Medvedev Visits G8, Putin ‘Forms Govt’
Published: May 23, 2012 (Issue # 1709)
MIKHAIL KLIMENTYEV / RIA-NOVOSTI / AP
Prime Minister Dmitry Medvedev preparing to speak to reporters after the G8 summit at Camp David in Maryland on Sunday.
MOSCOW — Prime Minister Dmitry Medvedev, who became an official member of the United Russia party Tuesday, insisted that the “reset” was still on during a meeting with U.S. President Barack Obama on the sidelines of the May 19 through 20 weekend G8 summit at Camp David.
Medvedev said the pair’s first meeting since he became prime minister was friendly and informal, “not only without ties, but even without jackets,” Vedomosti reported May 20.
The prime minister, who signed up on popular web service Instagram on the way to the United States, used the service to post a photo of the meeting.
At a news conference on Saturday, May 19 Medvedev said he explained to Obama why he came instead of President Vladimir Putin, whose unexpected decision not to attend the summit was seen by some as a snub.
“I said that my appearance here at Camp David, as the head of the Russian delegation at a time when the president is busy forming the government, or more precisely matching candidates to the government, must also be regarded as a symbol of a certain continuity of foreign policy, the policy of the ‘reset’ to which President Obama and I have devoted much time,” Medvedev said.
He added that, as a person who “until a certain time participated in crafting foreign policy,” his understanding of the country’s priority foreign policy doesn’t differ from that of Putin.
The meeting touched on economic issues as well.

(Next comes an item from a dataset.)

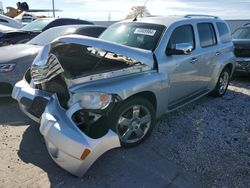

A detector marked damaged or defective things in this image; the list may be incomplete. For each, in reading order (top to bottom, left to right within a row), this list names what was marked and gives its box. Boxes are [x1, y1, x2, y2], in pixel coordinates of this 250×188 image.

crumpled hood [0, 43, 41, 62]
crumpled hood [55, 34, 155, 68]
detached bumper piece [39, 96, 120, 177]
damaged front end [13, 35, 154, 176]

“I called attention to the fact that, according to one indicator, surprising even to myself, Russia has taken the lead against the United States,” Medvedev said. “If we talk about the volume of investment, our investment for the first time surpassed the United States, which, of course, on the one hand, is good for our investors, but for such a large economy like the U.S. economy, it in general is not a good indicator.”
He did not give any additional details about the investment.
Medvedev also said he was pleased with the conversation, which showed that “the communication continues.” He also said he conveyed a message from Putin that set out Russia’s position on a number of foreign policy and bilateral relations.
Medvedev also spoke generally about the G8 summit, saying that besides discussions on nuclear programs in Iran and North Korea, support of Afghanistan’s economy and the conflict in Syria, the meeting focused on world economics, with special attention placed on the situation in Greece. He said the G8 members had reached a consensus that its exit from the euro zone was impermissible.
“[The] Russian prime minister noted that we are not going to cut the share of the euro in our reserves in order not to send wrong signals on the situation in Europe,” Stanislav Voskresensky, Russia’s G-20 sherpa and deputy economic development minister, told reporters later the same day.
A U.S. official speaking to Reuters said Medvedev showed “good unity” with the other G8 leaders on Iran.
In addition, the leaders said in a statement Sunday that summed up the summit’s discussions: “We remain appalled by the loss of life, humanitarian crisis, and serious and widespread human rights abuses in Syria.”
“Some may like or dislike the Syrian government, some may have different views on the last election that took place in Syria, but one cannot avoid a question — if [Syrian President] Bashar Assad goes, who will replace him?” said Federation Council Senator and Medvedev aide Mikhail Margelov on the first day of the summit.